Nos. 86-4102, 86-4140.
Argued and Submitted November 4, 1987.
Decided October 6, 1988.
Henry Kane, Beaverton, Or., and William D. Bailey, Portland, Or., for appellants.
Barbara L. Nay, Stoel Rives Boley Jones Grey, Portland, Or., for appellees.
Michael Stokes Paulsen, Center for Law Religious Freedom, Merrifield, Va., and Thomas O. Alderman, Christian Civil Liberties Union, Eugene, Or., for amicus.
Appeal from the United States District Court for the District of Oregon.
Before HUG, FARRIS and CANBY, Circuit Judges.
This appeal challenges the constitutionality of a preliminary injunction issued by the district court in litigation still pending before it. We are called upon to determine whether the preliminary injunction is impermissibly vague and whether it abridges protected First Amendment rights of the appellants.

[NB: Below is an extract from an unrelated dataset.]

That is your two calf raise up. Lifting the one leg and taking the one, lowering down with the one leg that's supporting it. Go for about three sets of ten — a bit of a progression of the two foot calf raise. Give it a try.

Appellants are a nonprofit corporation that engages in right-to-life advocacy, and seven of its members; an unincorporated association that engages in right-to-life advocacy and one of its members; one hundred Doe members of the two organizations; and four additional individuals (hereinafter, "the advocates"). These parties are defendants in litigation brought in district court by the appellees as plaintiffs. Appellees are a nonprofit corporation that provides medical treatment for women at its facility, including pregnancy testing, abortions, gynecological service, preventive health care, and reproductive counseling; five of its employees; and one individual client (hereinafter, "the clinic").
The clinic brought an action against the advocates that was based on several spirited demonstrations in front of the clinic's building. The complaint sought both equitable relief and damages for conspiracy to prevent exercise of federal constitutional rights; violation of Oregon's civil racketeering statutes; interference with business relations; intentional infliction of emotional distress; assault; and defamation. The clinic moved for a preliminary injunction, and the motion was brought before a magistrate for an evidentiary hearing.

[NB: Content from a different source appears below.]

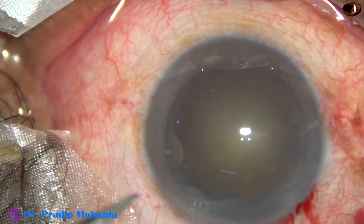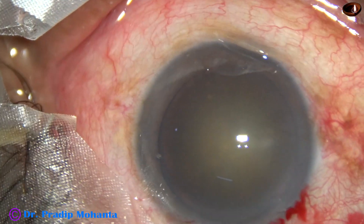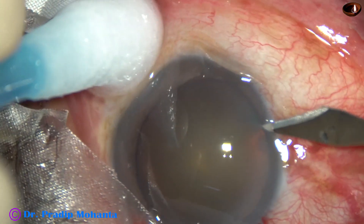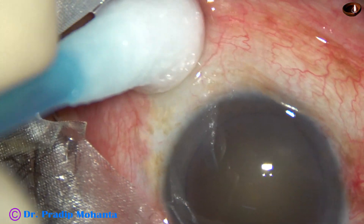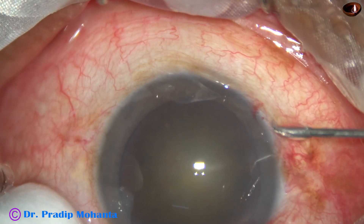Now, this is a side port on the left side of the main incision, about 2.5 clock hours away. And this is another small side port on the right side of the main incision, about 3 clock hours away.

The magistrate recommended to the district court that a preliminary injunction be issued based on his findings of fact. We quote the material portions of these findings:
Findings from the preliminary injunction hearing
The evidence showed that the following conduct has taken place. Defendants and others ("demonstrators") gather at the Center for demonstrations against abortion on days on which abortions and other medical procedures are performed. The number of demonstrators vary from fewer than ten to a number approaching 160. These demonstrations have occurred on a fairly regular basis since 1984 and are likely to continue in the future in a similar manner in which they have taken place in the past unless the court orders otherwise.
"The Center" refers to the clinic's facility.

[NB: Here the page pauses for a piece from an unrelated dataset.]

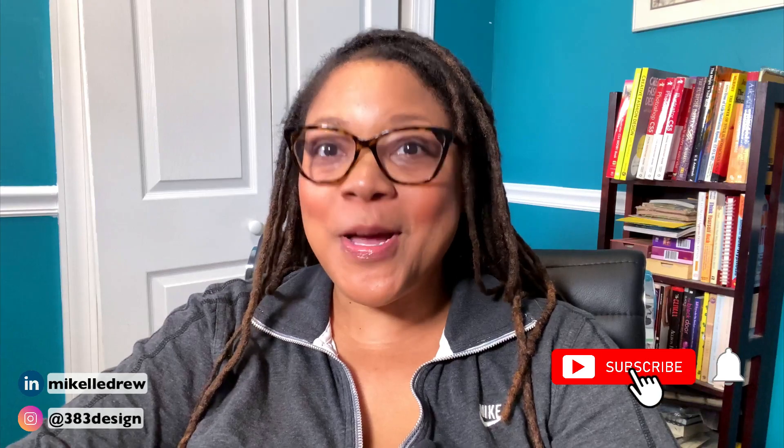Welcome or welcome back to my channel. My name is Mikkel Drew Pelham. I am a digital fashion educator teaching digital fashion design and communication through my company 383 Design Studio, as well as an adjunct professor at the Fashion Institute of Technology. I talk about digital fashion design software and communication on this channel, so if those topics interest you make sure you subscribe and hit the notification bell.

Demonstrators often crowd around the Foster Road entrance to the Center with large signs and other objects. These signs and objects are waved at clients and client escorts in a threatening manner and used to impede direct passage into the Center. Demonstrators scream and yell at Center clients, escorts, and staff, sometimes inches away from their faces, as they enter and exit the Center. Demonstrators press literature on clients and employees who have indicated they do not wish to talk or receive such literature. Demonstrators bump, grab, and push persons wishing to enter the Center in an effort designed to impede passage. Demonstrators chant, shout, and scream from the sidewalk alongside the Center in a manner which is calculated to be and is in fact heard inside the Center on the second floor where medical procedures are being performed.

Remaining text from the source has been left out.